= Beginning of Section =

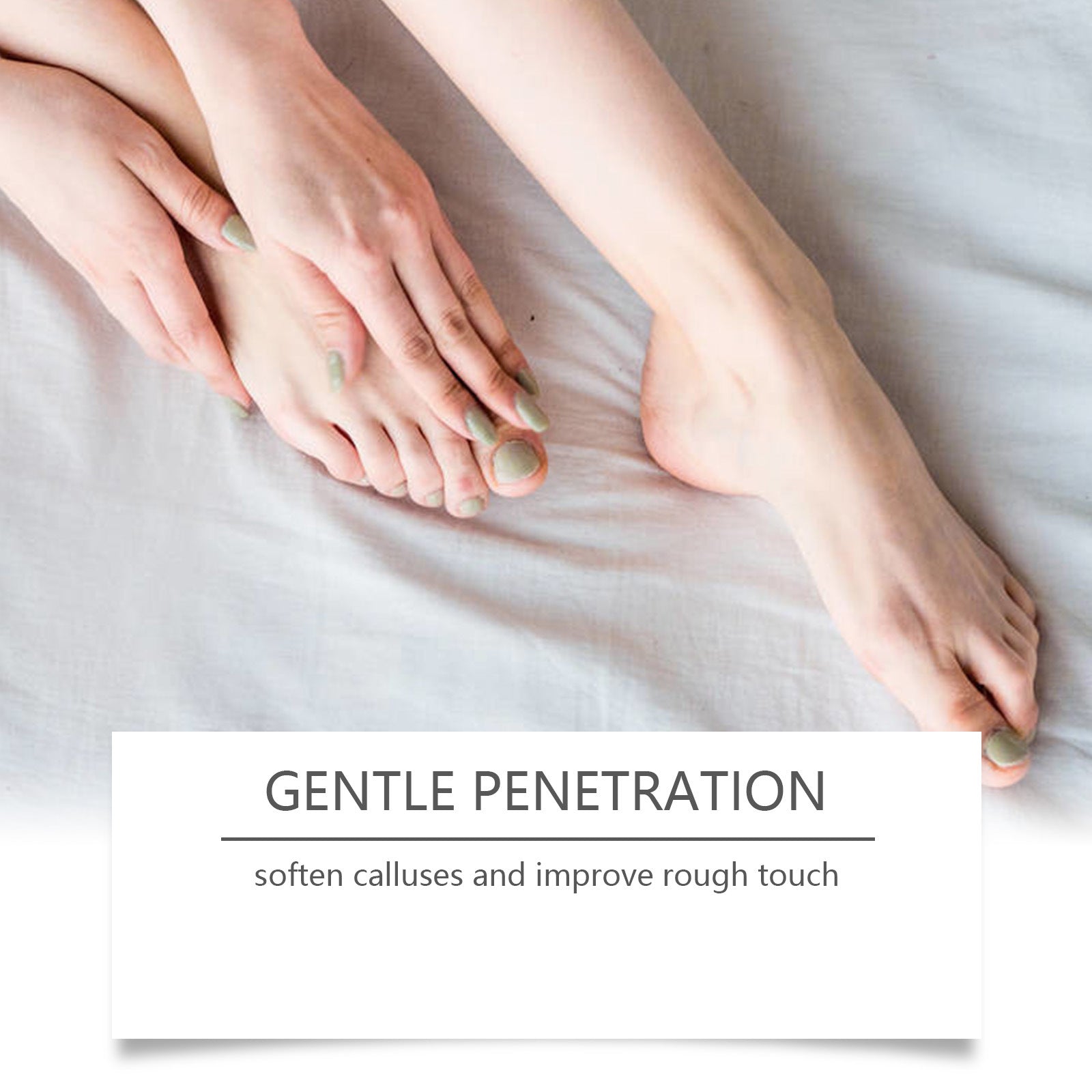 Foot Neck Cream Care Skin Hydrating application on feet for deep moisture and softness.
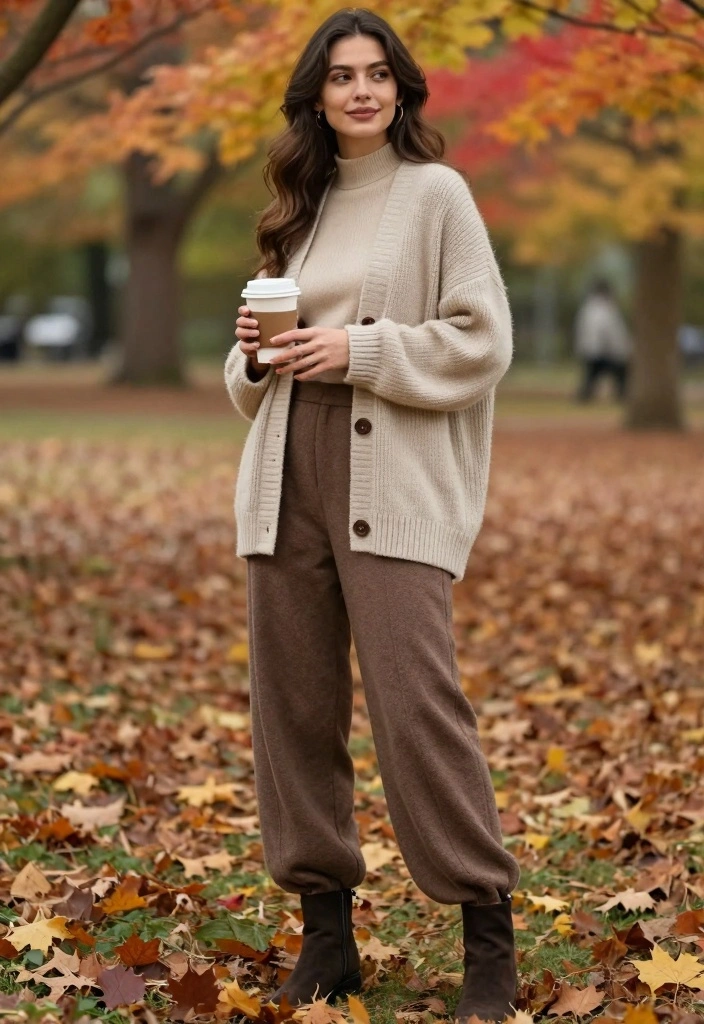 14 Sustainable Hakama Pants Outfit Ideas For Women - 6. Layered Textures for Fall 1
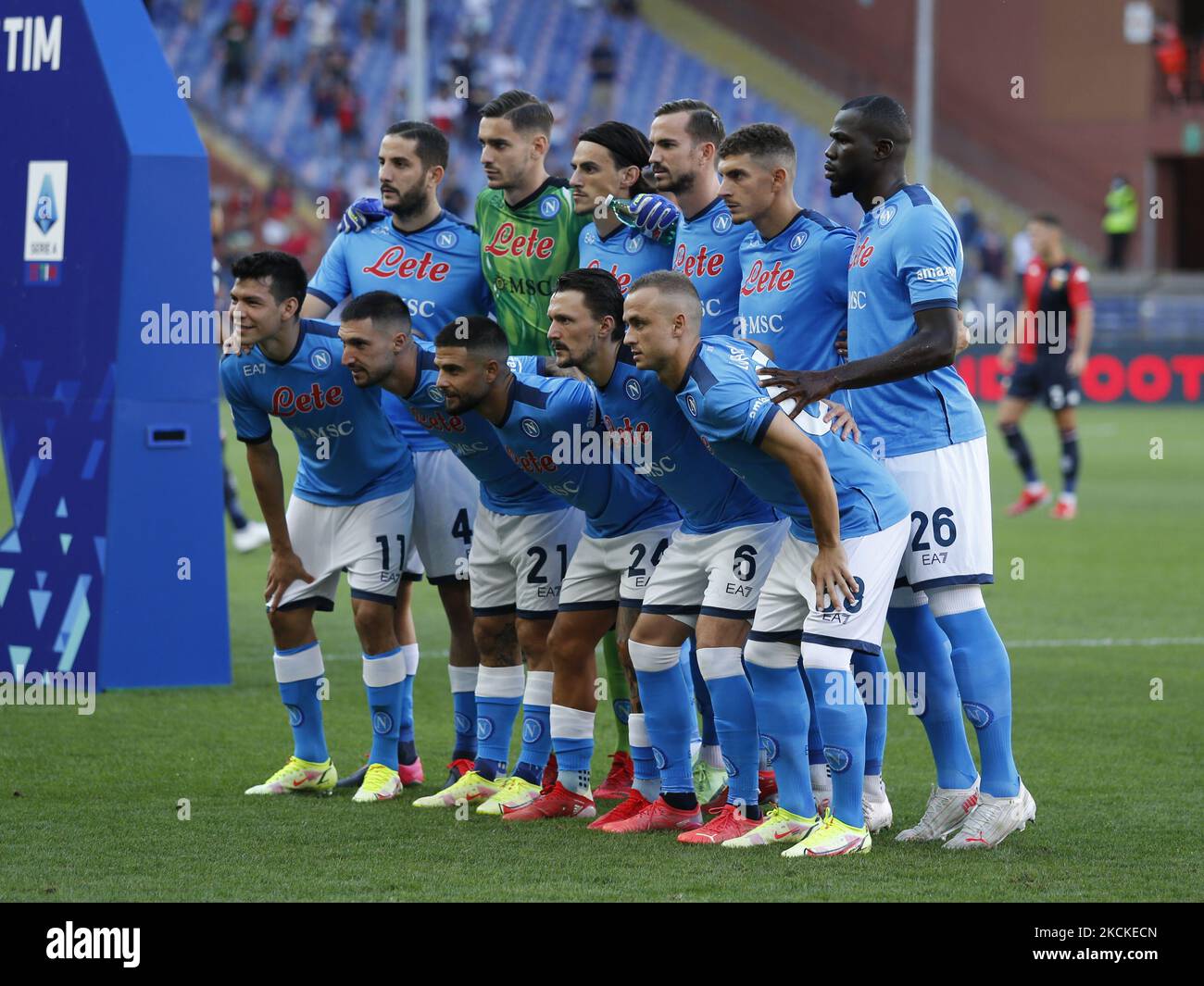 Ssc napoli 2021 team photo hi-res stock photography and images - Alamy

= End of Section =
= Beginning of Section =

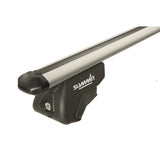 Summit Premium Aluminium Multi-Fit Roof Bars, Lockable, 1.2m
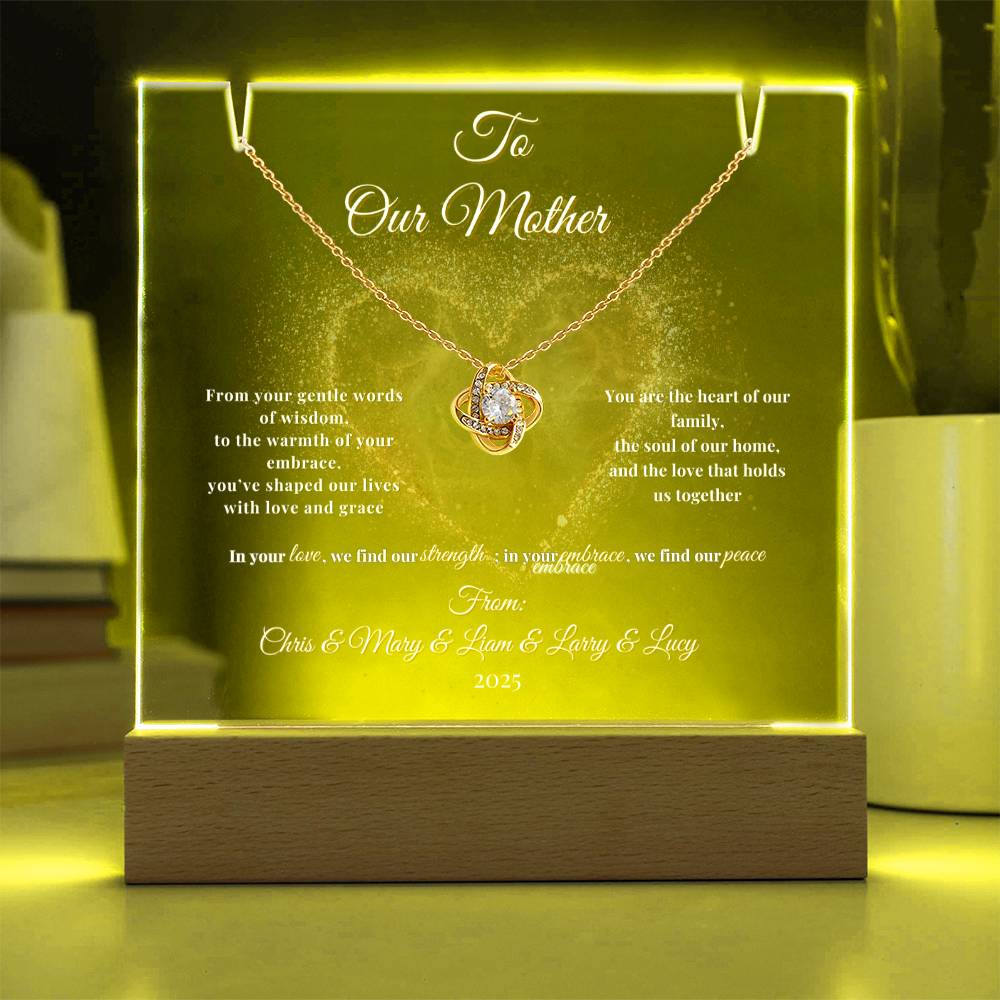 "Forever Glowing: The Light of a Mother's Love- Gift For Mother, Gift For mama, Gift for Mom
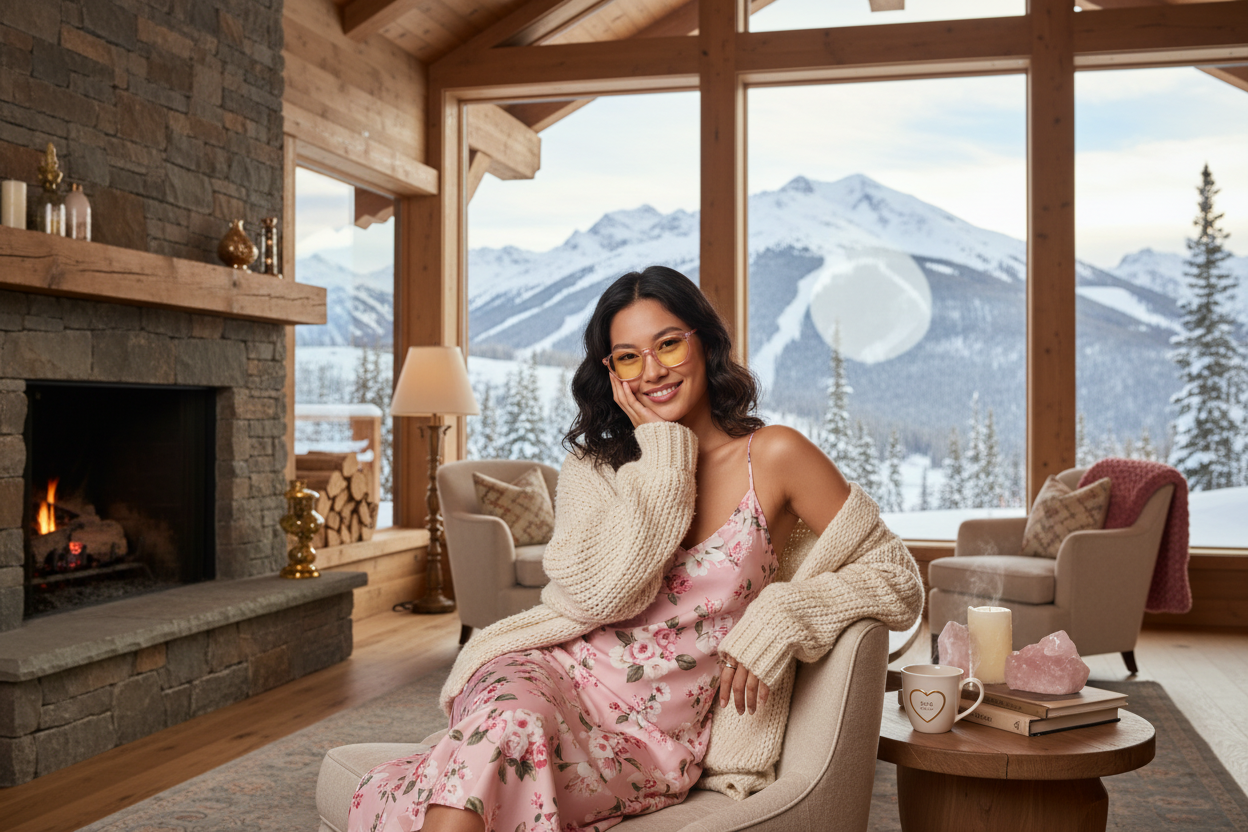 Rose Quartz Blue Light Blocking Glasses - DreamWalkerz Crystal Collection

= End of Section =

TRY IT: Above are some records. Output exactly the lines from the one that contains "Foot Neck Cream" to the one that contains "Ssc napoli 2021", keeping both, and omit the pictures.

WRITTEN SOLUTION:
 Foot Neck Cream Care Skin Hydrating application on feet for deep moisture and softness.
 14 Sustainable Hakama Pants Outfit Ideas For Women - 6. Layered Textures for Fall 1
 Ssc napoli 2021 team photo hi-res stock photography and images - Alamy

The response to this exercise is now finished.